2) Once you have the BLC_SNDBX_WRKFLW_DEPLOY.WORKFLOW_DEPLOYMENT_ID id's for the stuck deployments, you can insert them into the BLC_PROCESS_STATUS table.  This will trigger the system to continue processing that deployment. 

For example, if we had 2 deployments in PENDING or IN_PROCESS, we would take the IDs (let's say our result set had 15880 and 15931 for WORKFLOW_DEPLOYMENT_ID) and insert two BLC_PROCESS_STATUS rows.  When manually inserting into the BLC_PROCESS_STATUS table, we want to use negative PROCESS_STATUS_ID's that do not already exist.  We use negative ID's so that we don't collide with the auto-increment value produced by Hibernate.  In this example we will try to use -100 and -101.  If they don't exist we can safely use them.

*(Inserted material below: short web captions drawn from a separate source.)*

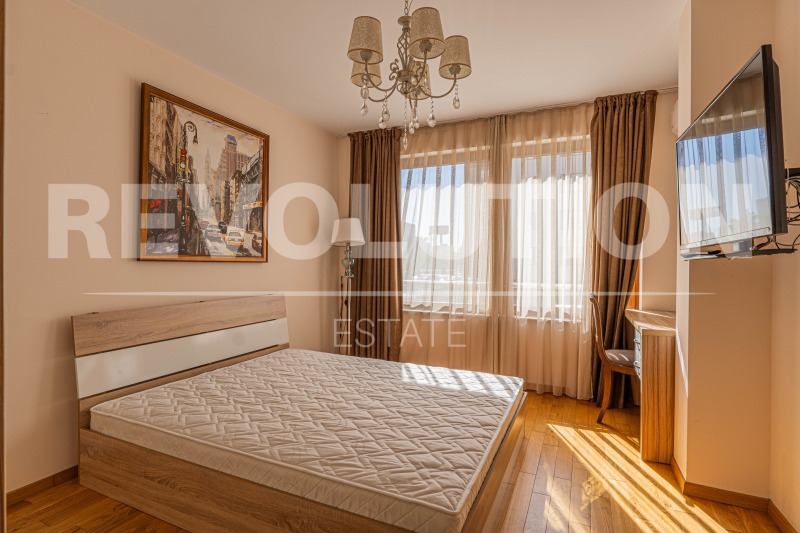 Kiadó  2 hálószobás Plovdiv , Sadijski , 87 négyzetméter | 89663780 - kép [10]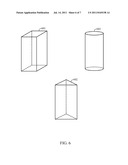 Solder Pillars in Flip Chip Assembly diagram and image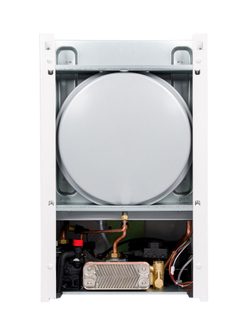 Настенный двухконтурный газовый котел Kotitonttu Toivo T-36 DК c OpenTherm (36кВт)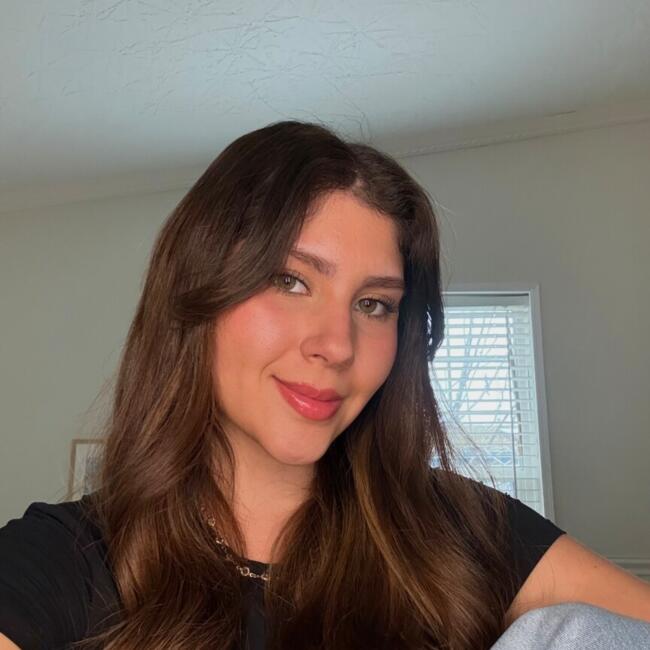 Babysitter in Canby (Oregon): Paula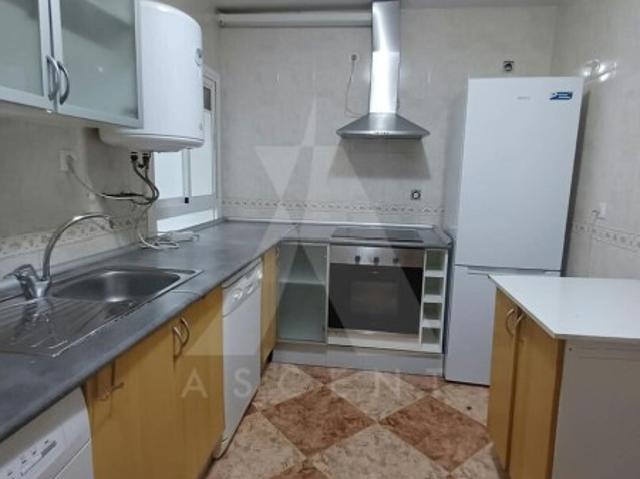Piso en venta en Distrito II, Alcalá De Henares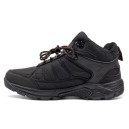 Columbia Firecamp Boot Black Orange З ХУТРОМ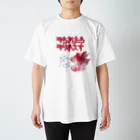 さきちゃんのおみせのいじめにもまけない Regular Fit T-Shirt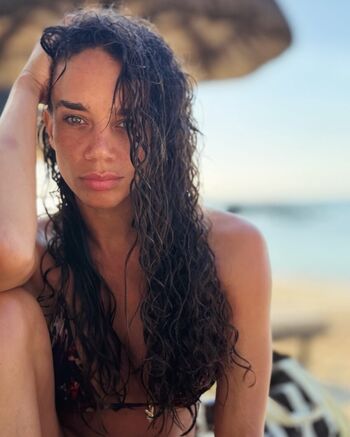 Hannah John-Kamen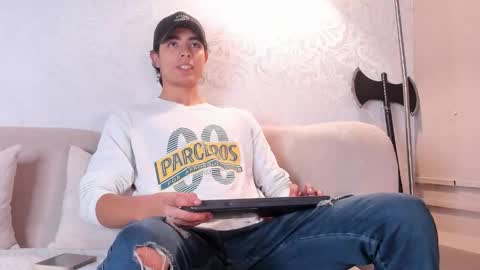 Josh Rashford online show from 10/28/25, 10:01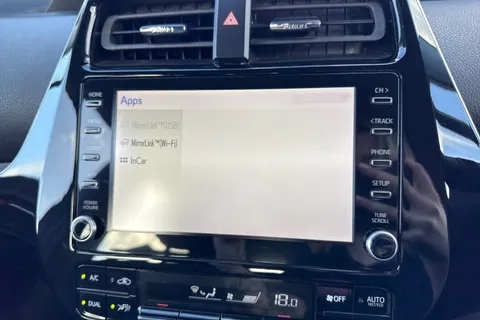 WU20RKA Toyota Prius 1.8 VVT 8.8kWh Business Edition Plus CVT Euro 6 (s/s) 5dr Thumbnail #51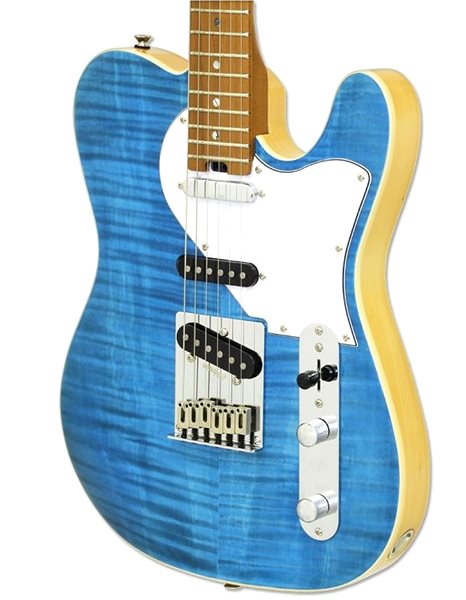 Elektrická gitara Aria 615-MK2 ...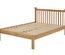 Deepsleep Empire High Foot End Bed Frame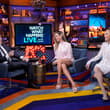 @samisheen &amp; @lola__sheen first @bravowwhl clubhouse. Thanks for having us…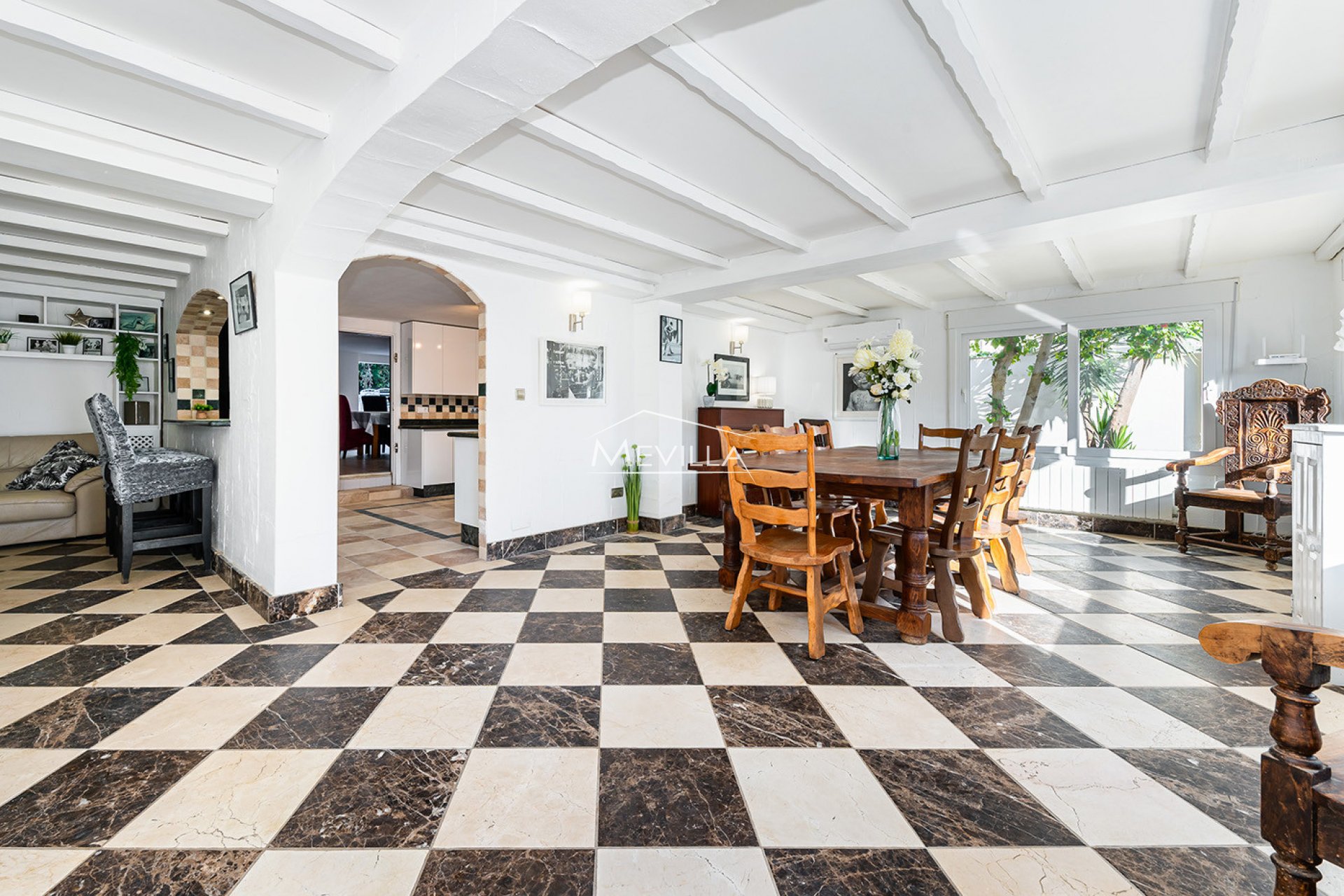 Reventes - Villa - Orihuela Costa - Campoamor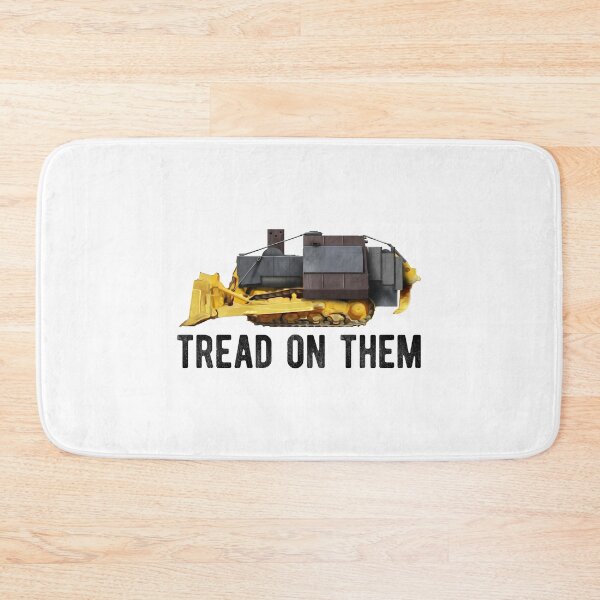 Item preview, Killdozer designed and sold by Trendscape.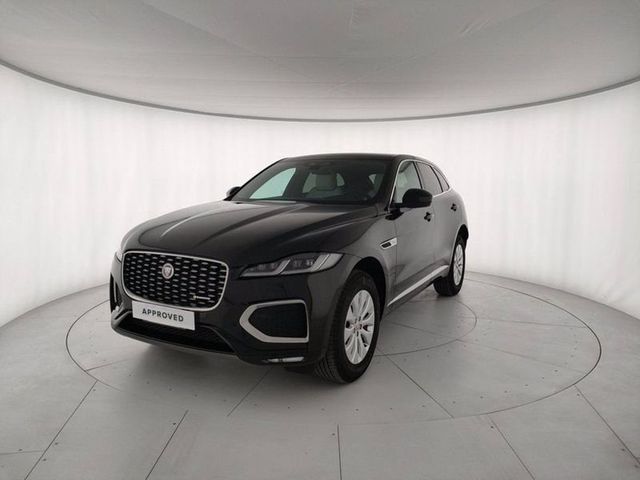 Jaguar JAGUAR F-Pace 2.0 D 204 CV AWD aut. R-Dynamic S 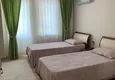 Dostępny zakup Apartament w nowoczesnym wnętrzu Mahmutlar, bezpośredni widok na morze, pierwsze wybrzeże 11 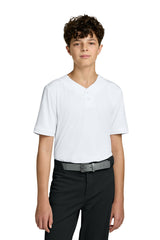 Richardson Youth Select 2-Button Baseball Jersey RY7910 - Richardson RY7910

select * from BLC_PROCESS_STATUS where PROCESS_STATUS_ID in (-100, -101);

Once we verify it we can insert with those ID's, we will add the necessary BLC_PROCESS_STATUS rows.  NOTE:  The WORKFLOW_DEPLOYMENT_ID value from the BLC_SNDBX_WRKFLW_DEPLOY query will map to the BLC_PROCESS_STATUS.EXECUTION_ID column in our insert statement.

INSERT INTO blc_process_status (PROCESS_STATUS_ID, DESCRIPTION, EXECUTION_ID, EXECUTION_TYPE, FRIENDLY_NAME, IS_ARCHIVED, IS_PAUSED, LAST_UPDATED, NAME, PERCENT_COMPLETE, PROCESS_ID, VERSION) VALUES (-100, NULL, 15880, 'APPROVAL_PROCESS_TYPE', NULL, NULL, NULL, '2018-08-06 08:40:21:000', 'SCHEDULED_DEPLOY', NULL, -100, 1);
INSERT INTO blc_process_status (PROCESS_STATUS_ID, DESCRIPTION, EXECUTION_ID, EXECUTION_TYPE, FRIENDLY_NAME, IS_ARCHIVED, IS_PAUSED, LAST_UPDATED, NAME, PERCENT_COMPLETE, PROCESS_ID, VERSION) VALUES (-101, NULL, 15931, 'APPROVAL_PROCESS_TYPE', NULL, NULL, NULL, '2018-08-06 08:40:21:000', 'SCHEDULED_DEPLOY', NULL, -101, 1);

Once the BLC_PROCESS_STATUS rows have been inserted, the system should be able to continue with the deployment.